Le mancanze nelle scorte di cibo e il prezzo alto dei beni sono solo due delle conseguenze più visibili della crisi alimentare in Sud Sudan, dove un alto numero di persone già a rischio malnutrizione combatte ogni giorno per soddisfare i propri bisogni alimentari.

Un deterioramento drammatico della situazione è evidente da un nuovo report di questa settimana: secondo questi dati, più di 4 milioni di persone nel Sud Sudan hanno bisogno urgente di aiuti alimentari, un incremento significativo dall’inizio dell’anno. Azione contro la Fame teme che la situazione sia destinata a peggiorare nei mesi fino al prossimo raccolto se non si interviene immediatamente con aiuti umanitari internazionali.

“La crisi alimentare in Northern Bahr el Ghazal sta peggiorando costantemente – avverte Andrea Tamburini, direttore di Azione contro la Fame USA – Nei primi quattro mesi del 2016, il numero di bambini che soffrono di malnutrizione acuta grave che abbiamo trattato è aumentato, un dato molto allarmante”. Una combinazione di scarsità di pioggia e di raccolto tra il 2015 e l’inizio di quest’anno, unite a frequenti razzie, hanno dimezzato le scorte di cibo della zona.
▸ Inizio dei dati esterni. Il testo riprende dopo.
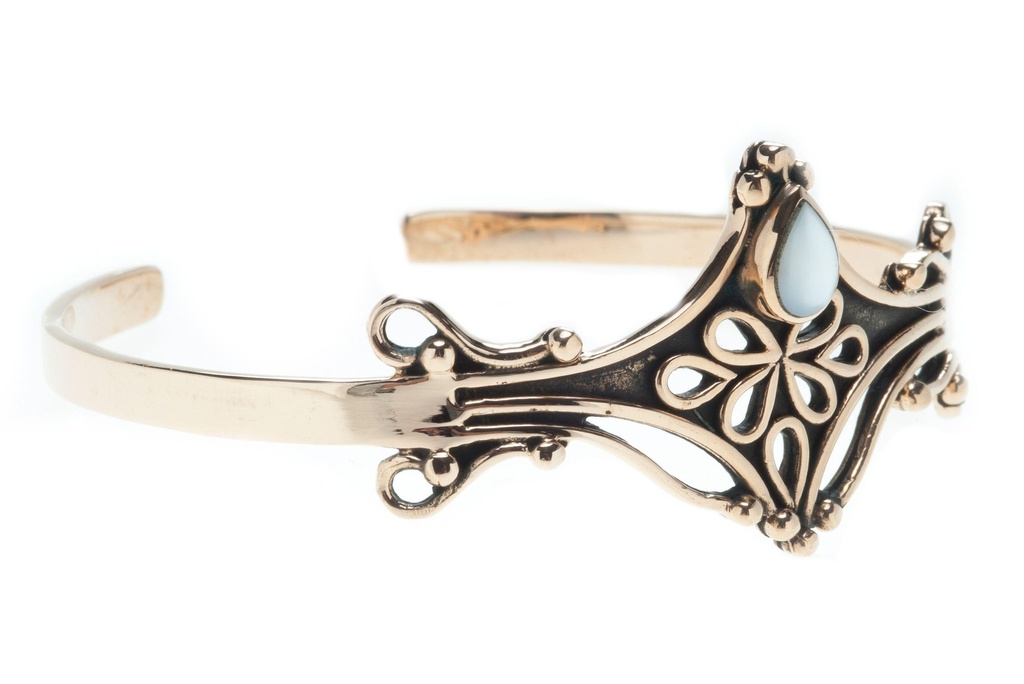 Mittelalter Armreif NALIA aus Bronze mit Perlmutt – Ornament Frauen Reif Ø 6,2 cm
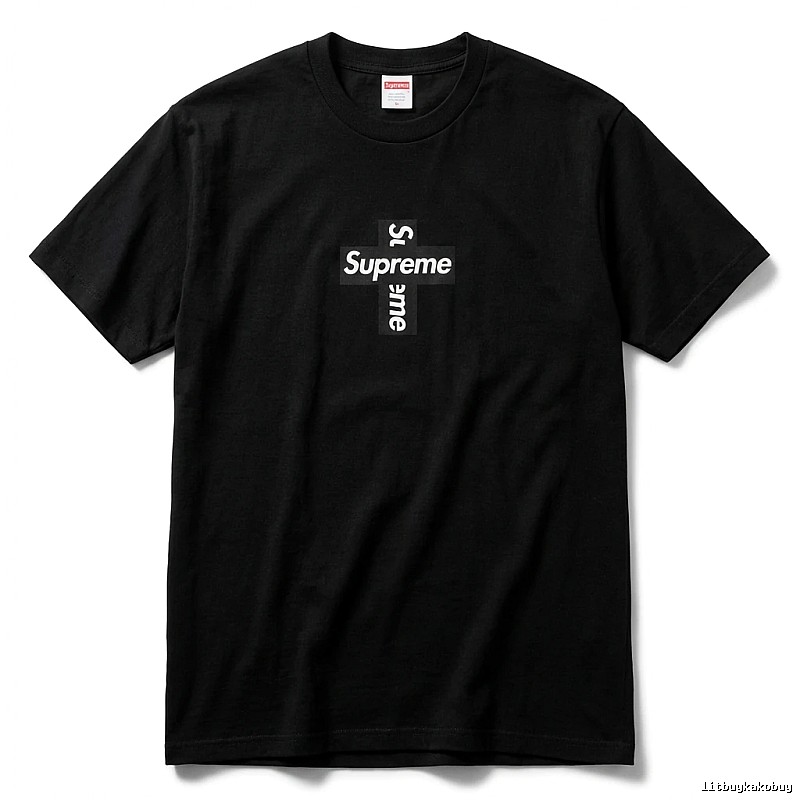 Supreme Cross Trendy brand Black T-shirt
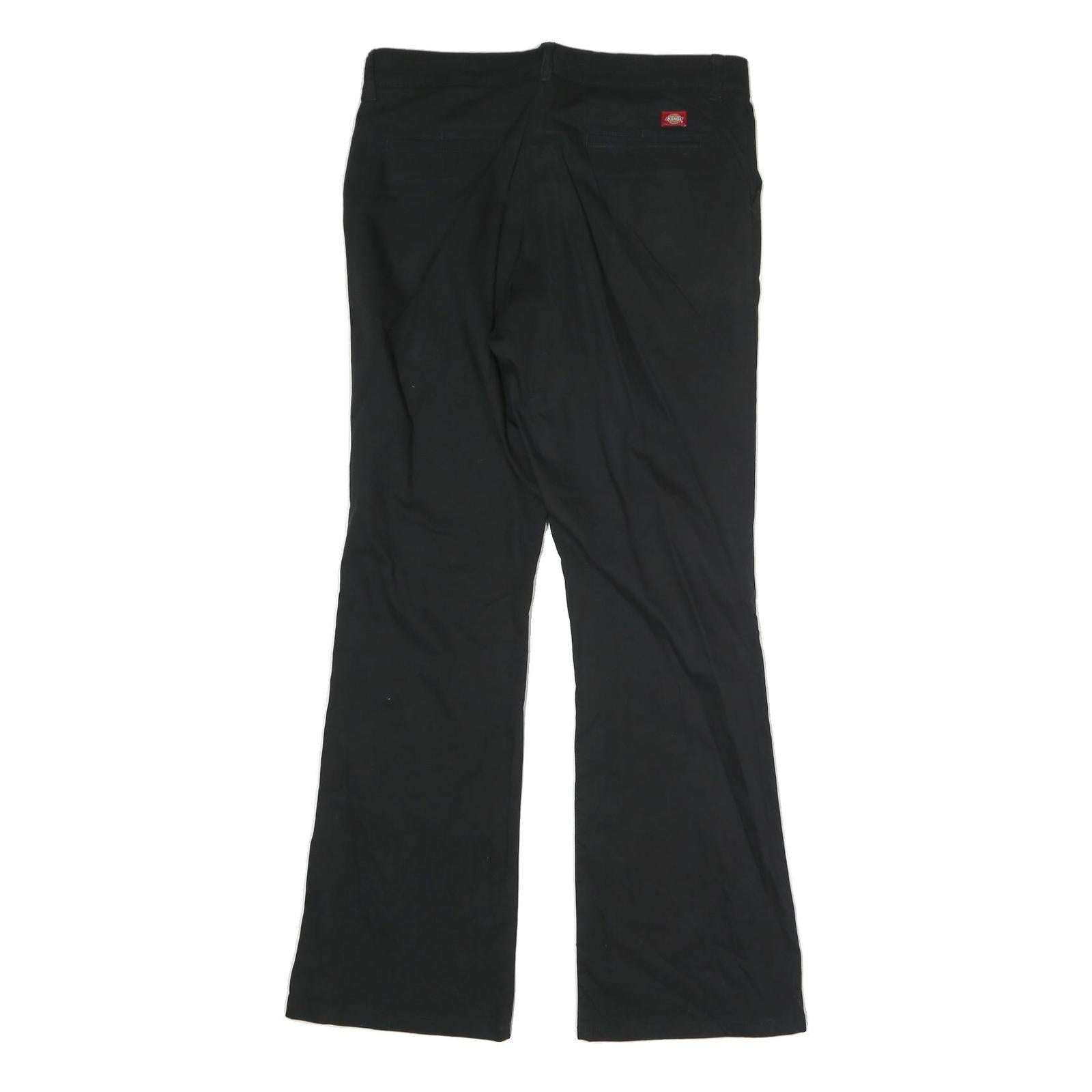 DICKIES Womens Regular Fit Black Cotton Blend Trousers W34 L34 Straight Zip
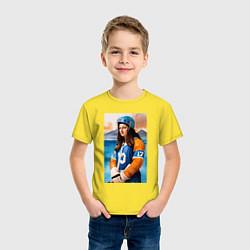 Футболка хлопковая детская Мона Лиза - крайний нападающий, цвет: желтый — фото 2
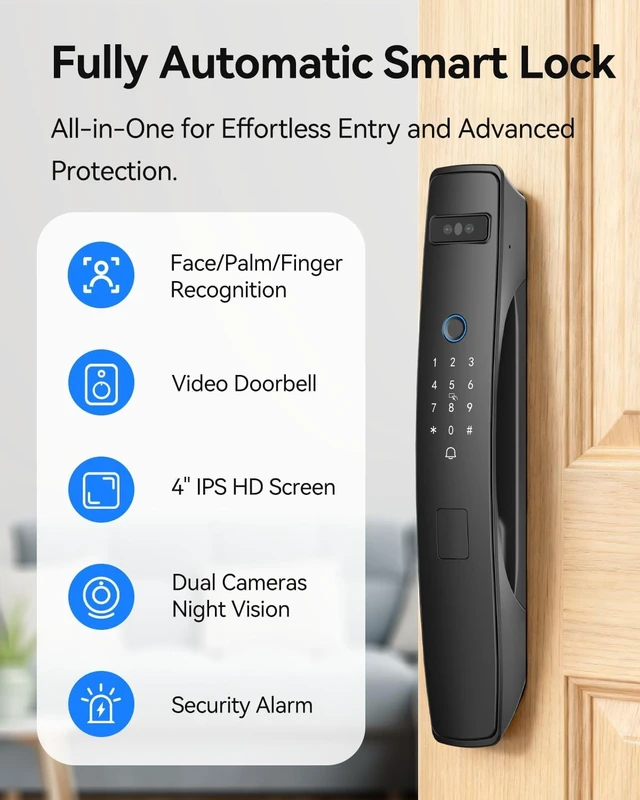 Alt view image 2 of 7 - Smart Lock with 3D Face Recognition, Dual Cameras & Doorbell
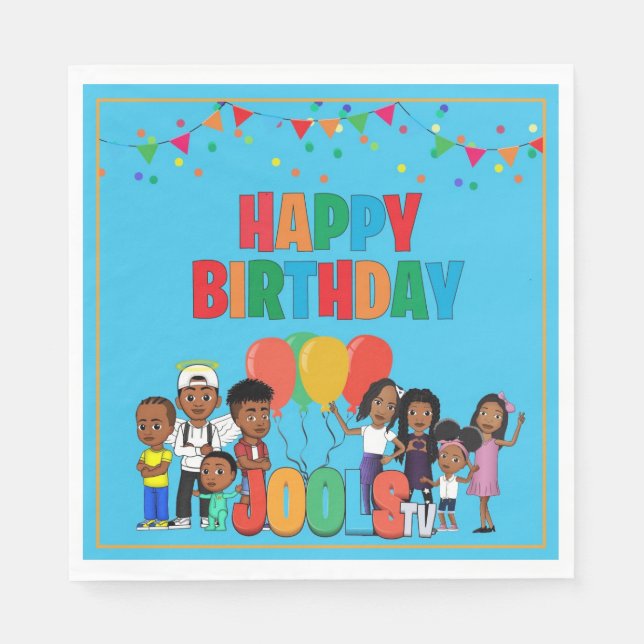 JOOLS TV®️ Blue Paper 6.5 in Napkins (Front)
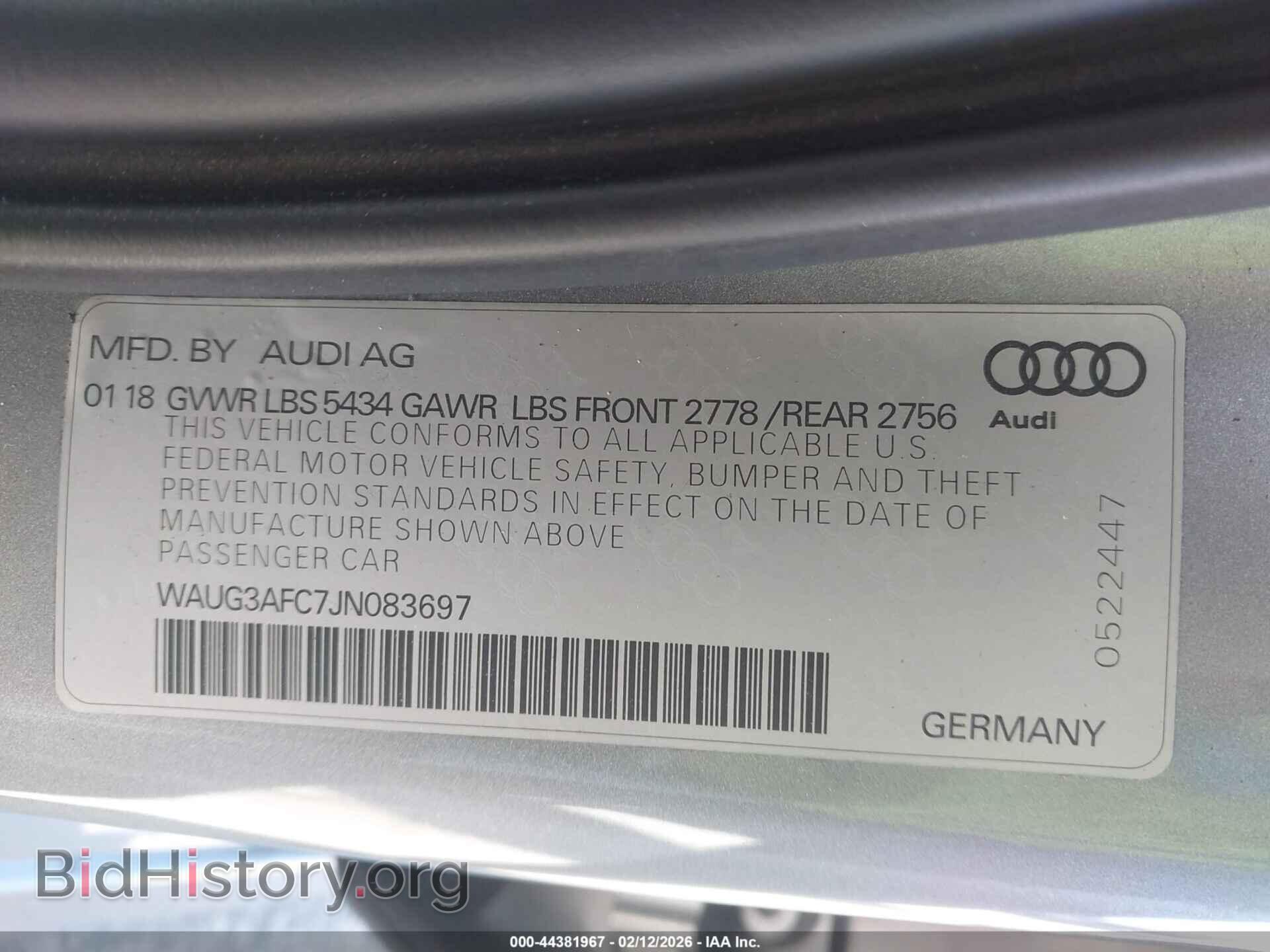 2018 AUDI A6 - VIN: WAUG3AFC7JN083697 - Фото 9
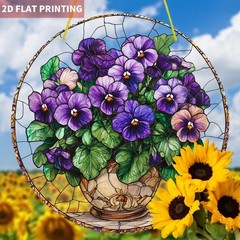 Vibrant Pansy Bouquet Acrylic Suncatcher Romantic Elegant Home Wall Decor Gift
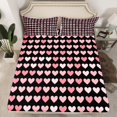thumbnail image 2 of Homewish Chic Love Heart Bed Sheets for Kids, Black Pink King Sheets, Fashion Cartoon Style Sheet Set, Lightweight Room Decor, 4pcs, 2 of 7
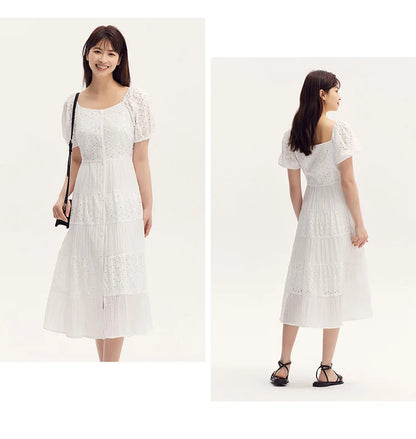 Chic White Square Collar Dress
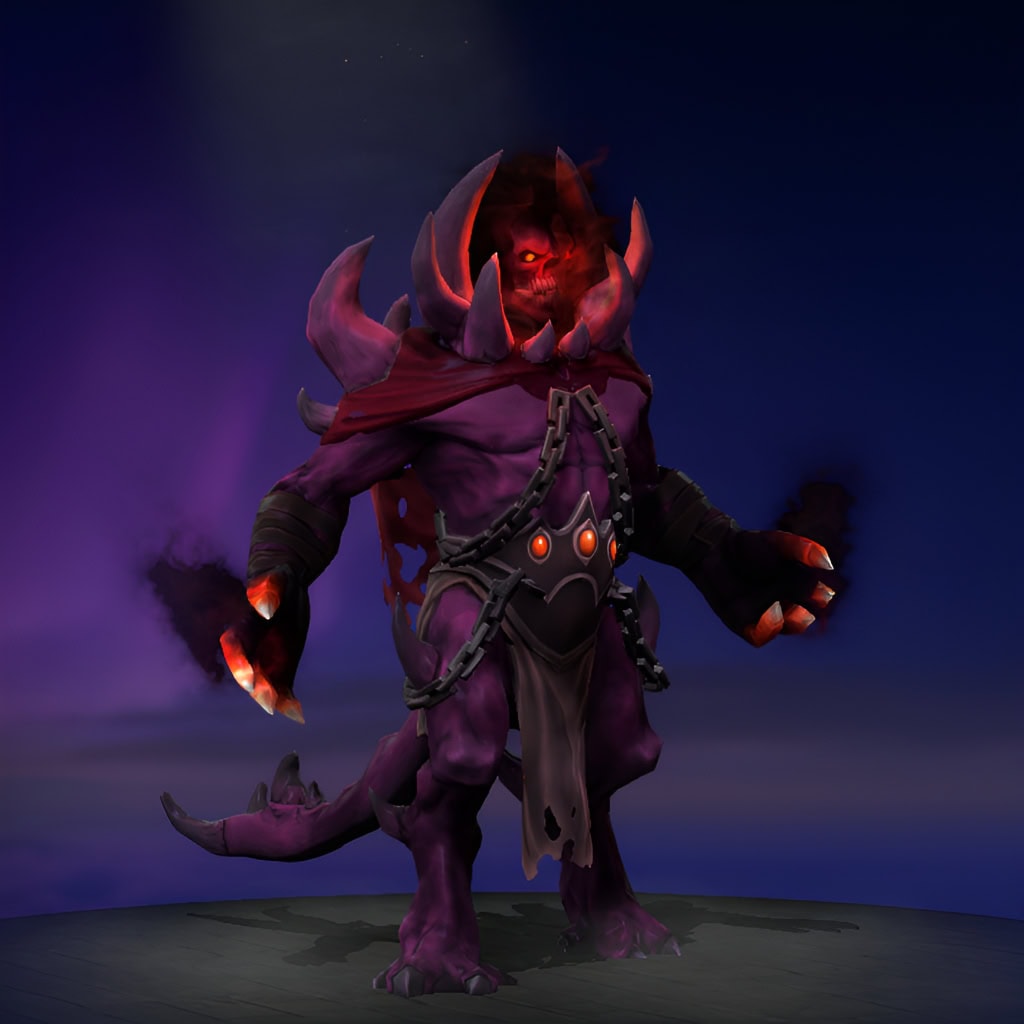 The default skin of Shadow Demon, shown for comparison with the ornate Crown of Calaphas set. This highlights the transformation from his standard appearance to the set's full chitinous armor and demonic crown.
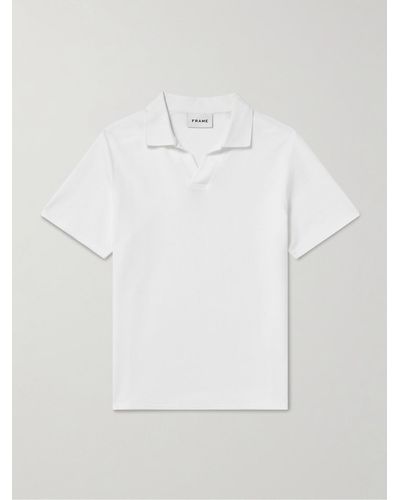 FRAME Cotton-piqué Polo Shirt - White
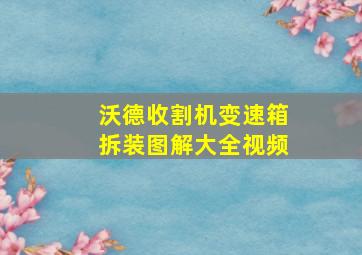 沃德收割机变速箱拆装图解大全视频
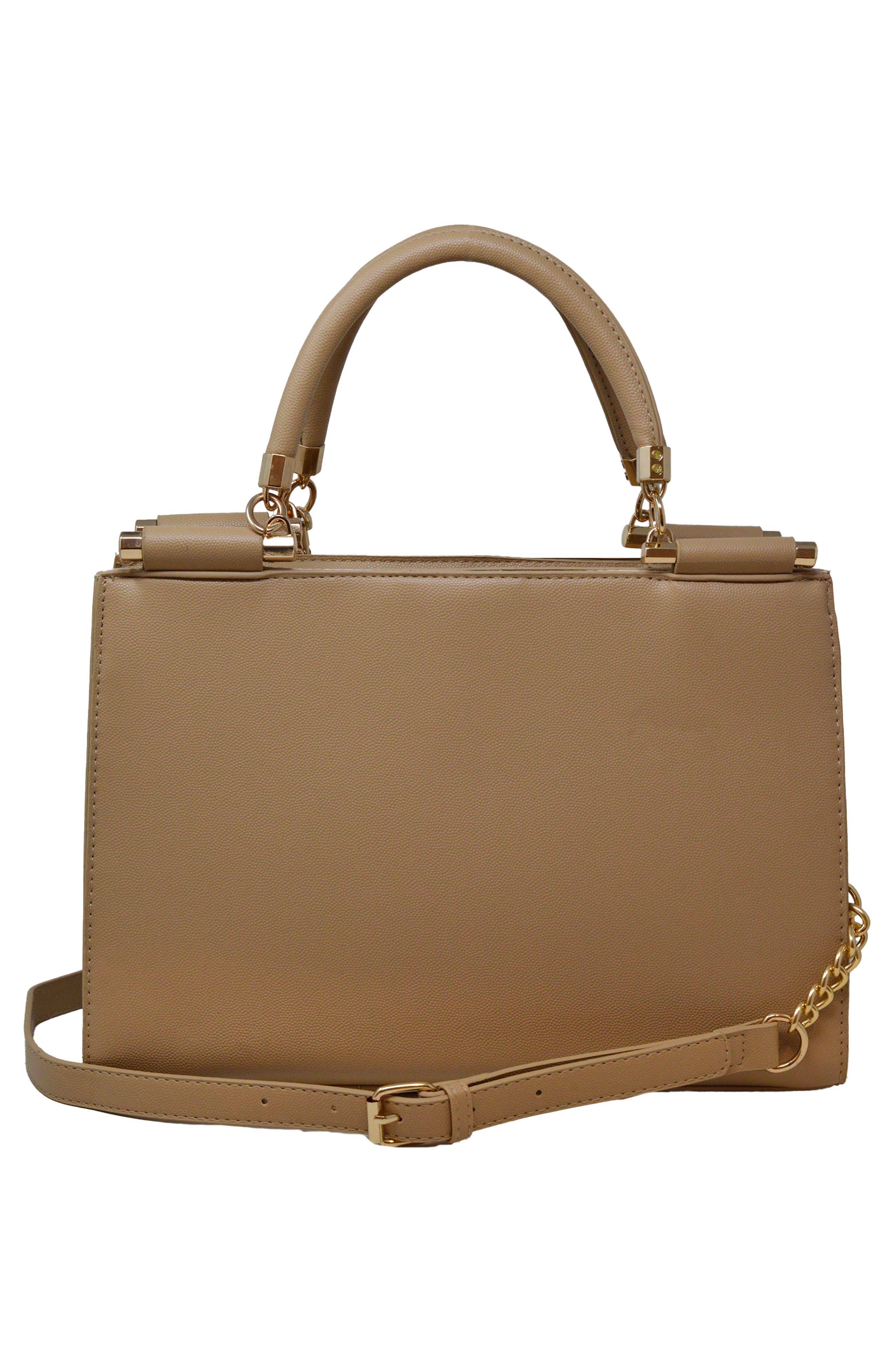 bebe Alex Quilted Satchel, Alternate, color, Almond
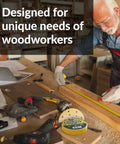 Heavy Duty Double Sided Woodworking Tape 1 Inch Wide 60 Feet Per Roll with woodworker using tools in workshop.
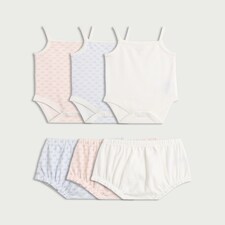 F&F Baby 3-Pack Pure Cotton Vests and Bloomers Sets in White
Inoltre la chiusura del confine con il Sudan ha interrotto l’importazione di generi alimentari. “Al momento siamo molto preoccupati dell’impatto che potrà avere la stagione delle piogge nella crisi alimentare – dice Tamburini – Le scorte di cibo devono essere rifornite prima che le strade diventino inagibili, perché allora sarà difficile raggiungere le comunità più remote”.

Questo contesto drammatico mette in serio pericolo anche le vite degli operatori umanitari: solo a maggio ne sono stati uccisi 3 in Sud Sudan, e sono stati riportati 78 incidenti. Alla vigilia del quinto anniversario della sua indipendenza, il 9 luglio, il Paese è sempre più nel caos: “Il resto del mondo sta guardando affondare il Sud Sudan” continua Tamburini.

A giugno, il Piano di Risposta Umanitaria per il Sud Sudan è stato finanziato solo per il 31,1%. “La situazione umanitaria ha raggiunto un punto di non ritorno: chiediamo alla comunità internazionale di mobilitare al più presto i fondi per mettere fine a questa crisi” conclude Tamburini.